> [REQUIRED WORK] Nothing but the records themselves, exactly as written, should appear in the reply; leave out the pictures.

*** Opening of RECORDED DATA ***

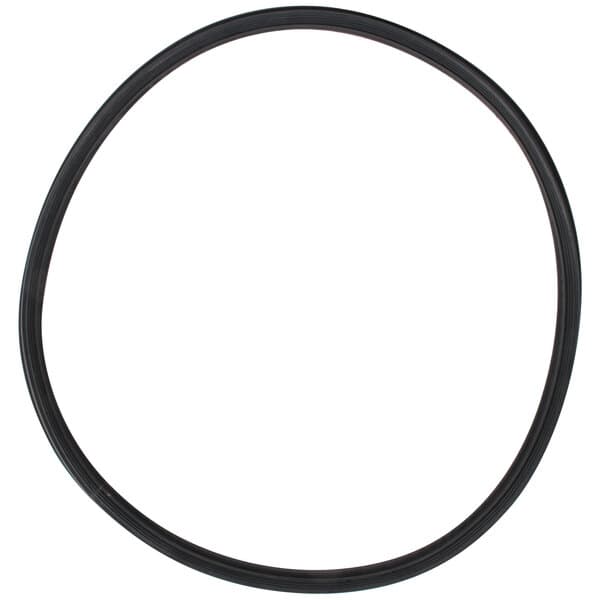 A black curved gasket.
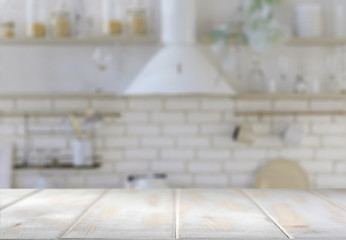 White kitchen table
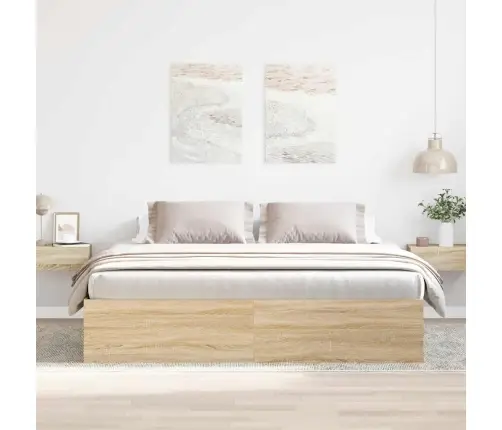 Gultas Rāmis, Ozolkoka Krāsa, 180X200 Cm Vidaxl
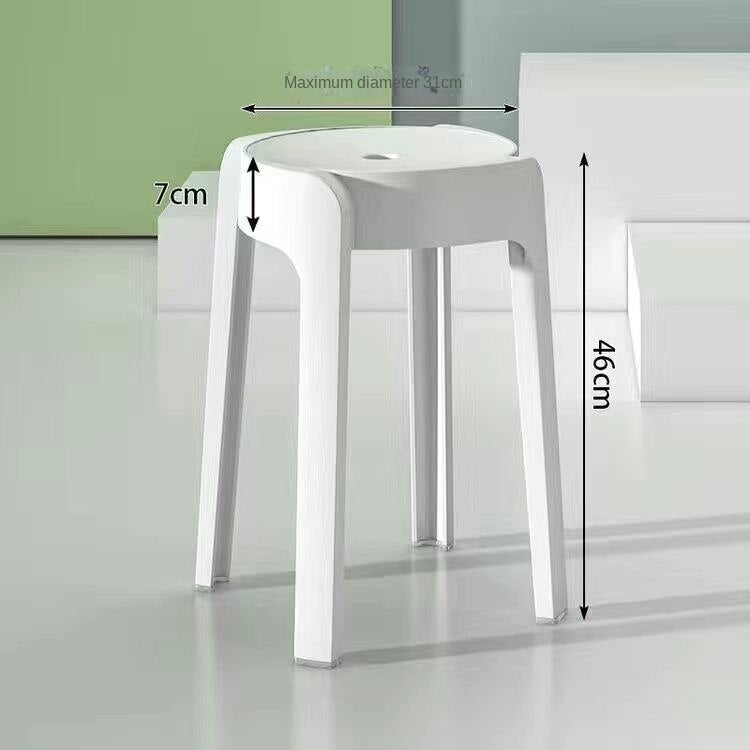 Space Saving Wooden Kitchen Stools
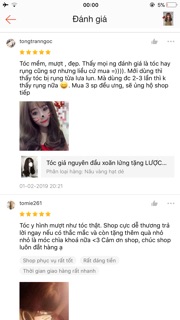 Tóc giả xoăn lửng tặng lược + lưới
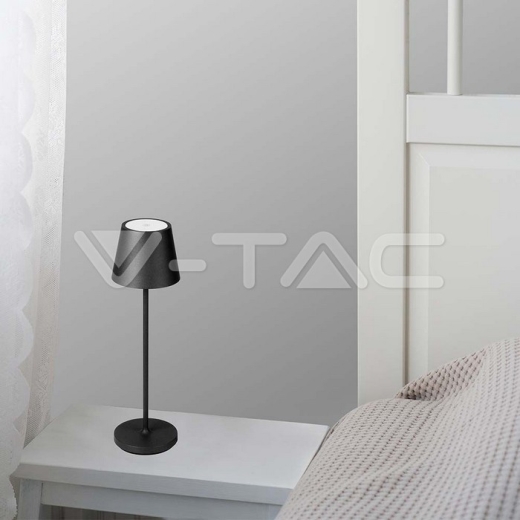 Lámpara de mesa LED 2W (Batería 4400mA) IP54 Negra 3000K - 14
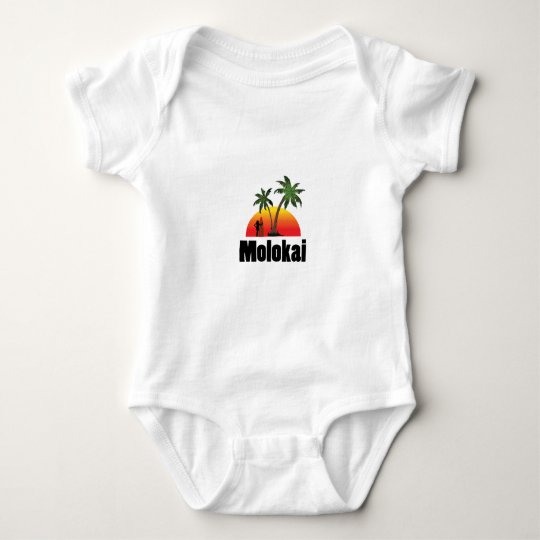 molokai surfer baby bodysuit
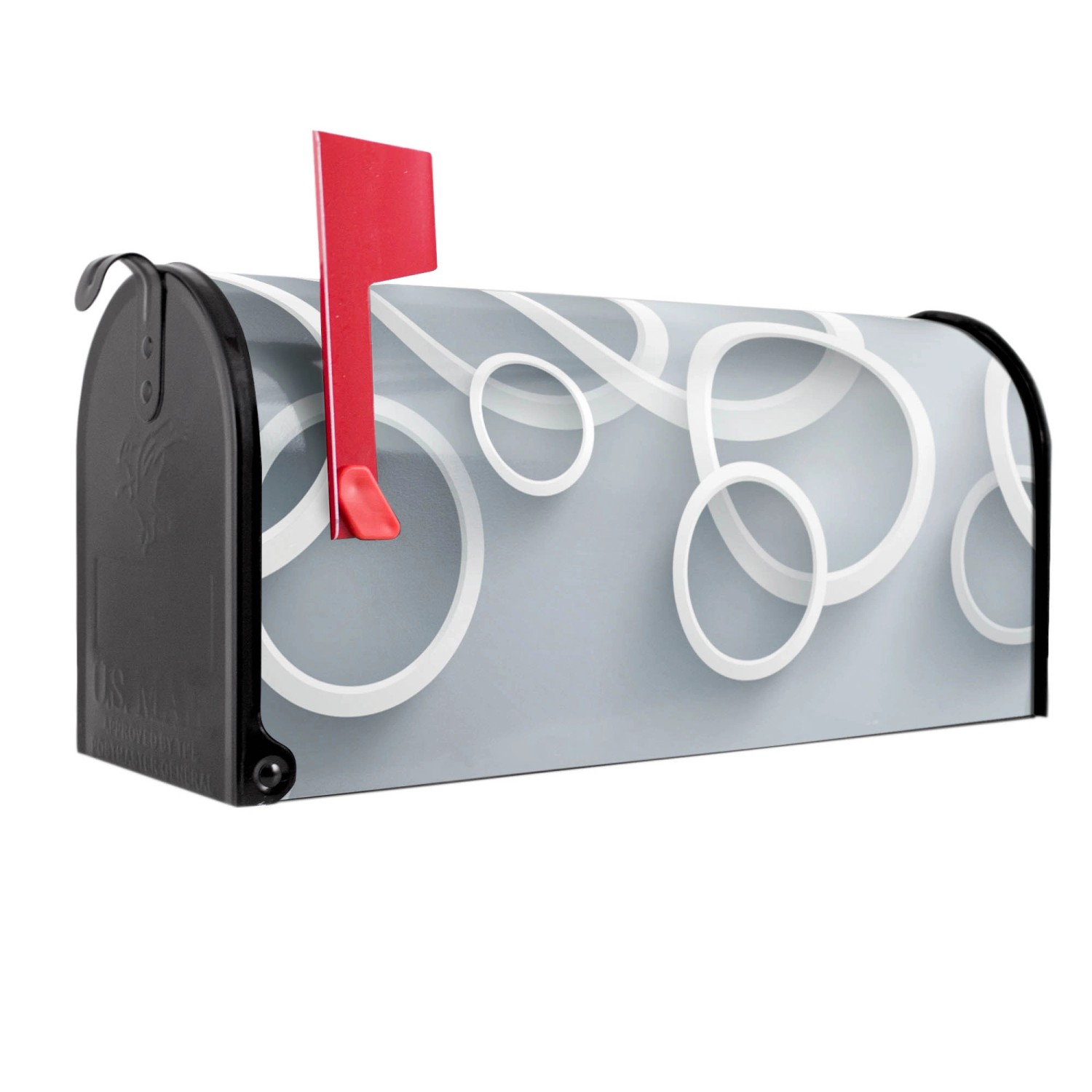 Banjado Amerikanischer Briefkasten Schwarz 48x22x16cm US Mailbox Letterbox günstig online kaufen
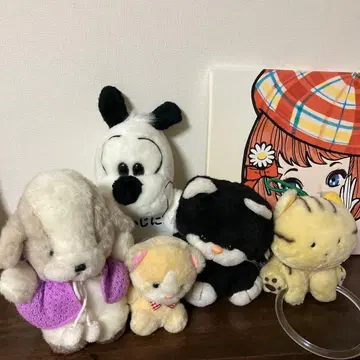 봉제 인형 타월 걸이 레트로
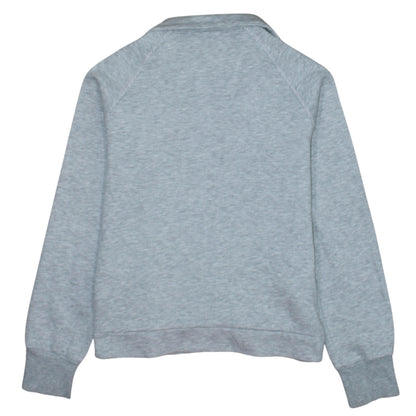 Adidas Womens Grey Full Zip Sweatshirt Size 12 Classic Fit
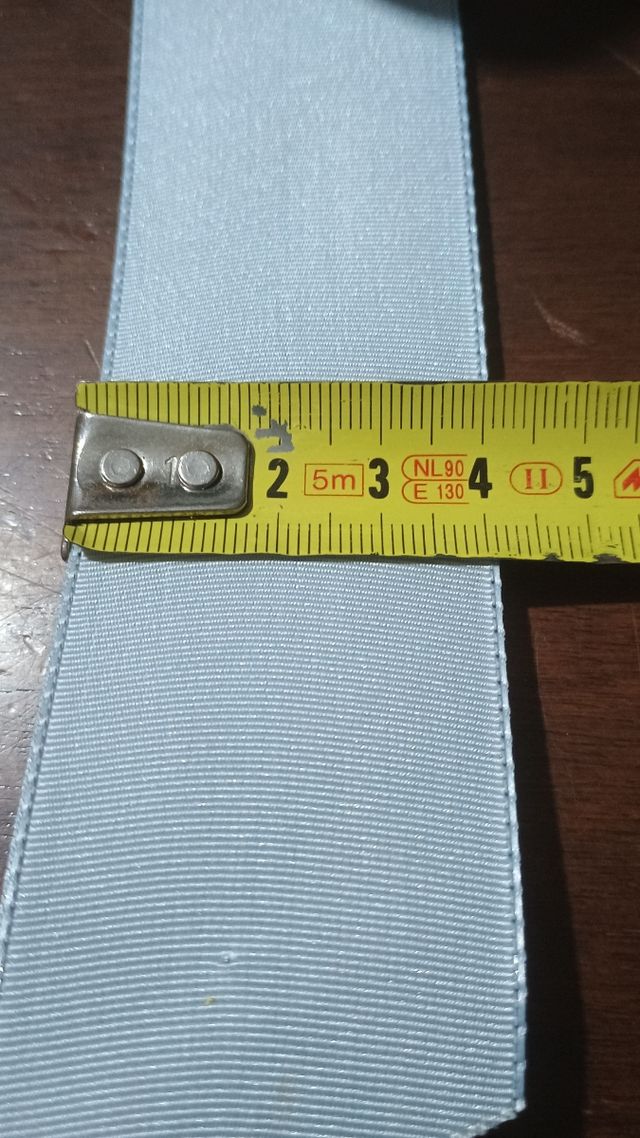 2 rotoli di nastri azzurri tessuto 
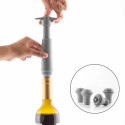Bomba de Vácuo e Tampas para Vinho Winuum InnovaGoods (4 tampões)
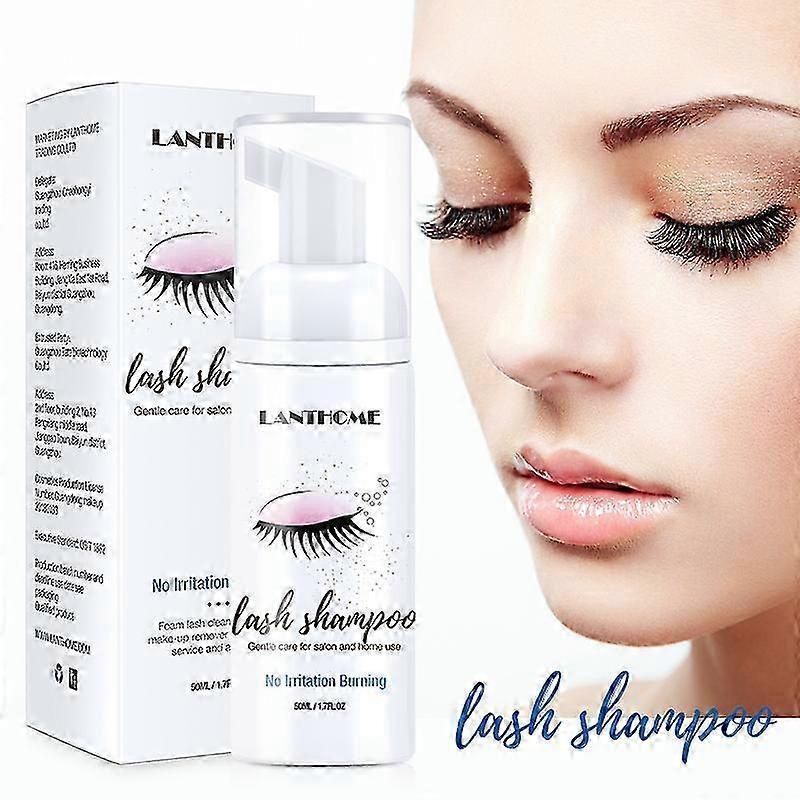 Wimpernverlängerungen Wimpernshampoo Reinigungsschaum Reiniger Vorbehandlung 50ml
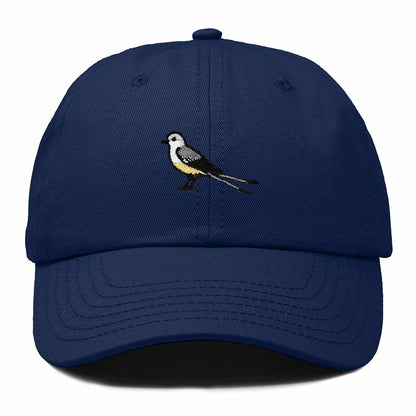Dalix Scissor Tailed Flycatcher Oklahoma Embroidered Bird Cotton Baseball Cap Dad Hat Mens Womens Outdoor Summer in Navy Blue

*** Close of RECORDED DATA ***

> [SOLUTION FOR THIS TASK]
 A black curved gasket.
 White kitchen table
 Gultas Rāmis, Ozolkoka Krāsa, 180X200 Cm Vidaxl
 Space Saving Wooden Kitchen Stools
 Tóc giả xoăn lửng tặng lược + lưới
 Lámpara de mesa LED 2W (Batería 4400mA) IP54 Negra 3000K - 14
 molokai surfer baby bodysuit
 Banjado Amerikanischer Briefkasten Schwarz 48x22x16cm US Mailbox Letterbox günstig online kaufen
 봉제 인형 타월 걸이 레트로
 Adidas Womens Grey Full Zip Sweatshirt Size 12 Classic Fit
 2 rotoli di nastri azzurri tessuto 
Bomba de Vácuo e Tampas para Vinho Winuum InnovaGoods (4 tampões)
 Wimpernverlängerungen Wimpernshampoo Reinigungsschaum Reiniger Vorbehandlung 50ml
Dalix Scissor Tailed Flycatcher Oklahoma Embroidered Bird Cotton Baseball Cap Dad Hat Mens Womens Outdoor Summer in Navy Blue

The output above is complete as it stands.